━━━━━ SUPPLIED RECORDS ━━━━━

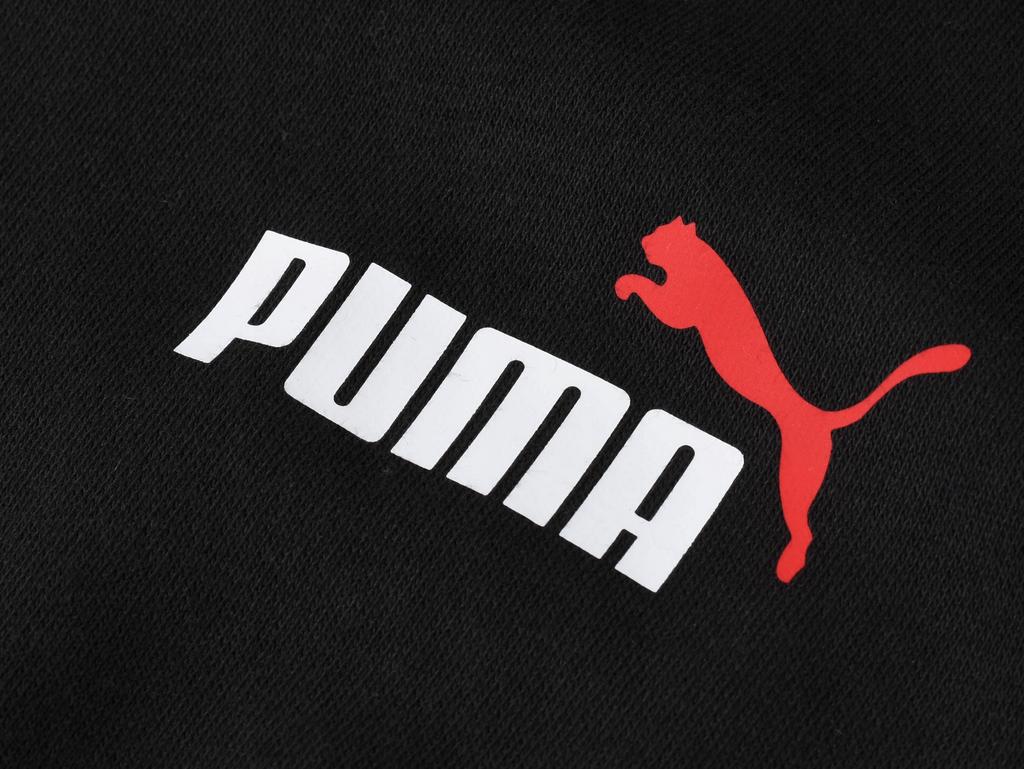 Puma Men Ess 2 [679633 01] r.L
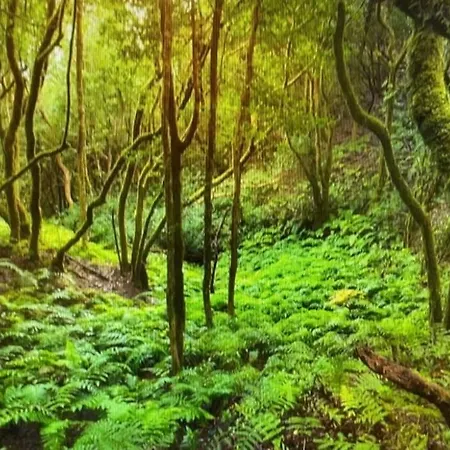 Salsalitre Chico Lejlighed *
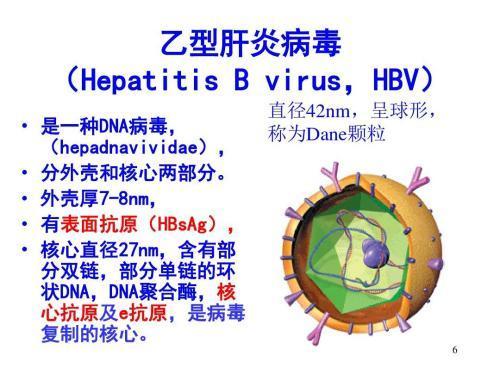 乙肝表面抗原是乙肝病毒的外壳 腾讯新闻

━━━━━
━━━━━ SUPPLIED RECORDS ━━━━━

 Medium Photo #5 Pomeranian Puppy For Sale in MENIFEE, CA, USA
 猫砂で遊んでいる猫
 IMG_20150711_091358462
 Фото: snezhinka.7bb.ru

━━━━━
━━━━━ SUPPLIED RECORDS ━━━━━

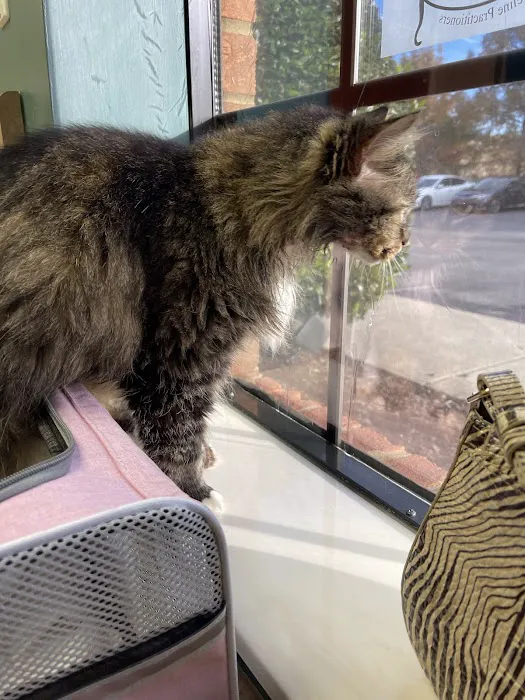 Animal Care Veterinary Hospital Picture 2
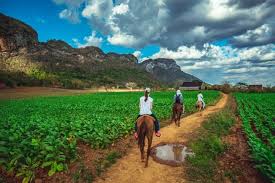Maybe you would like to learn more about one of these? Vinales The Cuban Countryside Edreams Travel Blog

━━━━━

* WHAT YOU ARE ASKED TO DO: Repeat, without pictures, exactly the lines of the data above from the one containing "Puma Men Ess 2 [679633 01] r.L" through the one containing "乙肝表面抗原是乙肝病毒的外壳 腾讯新闻", including both and adding nothing.

* SOLUTION:
 Puma Men Ess 2 [679633 01] r.L
 Salsalitre Chico Lejlighed *
 乙肝表面抗原是乙肝病毒的外壳 腾讯新闻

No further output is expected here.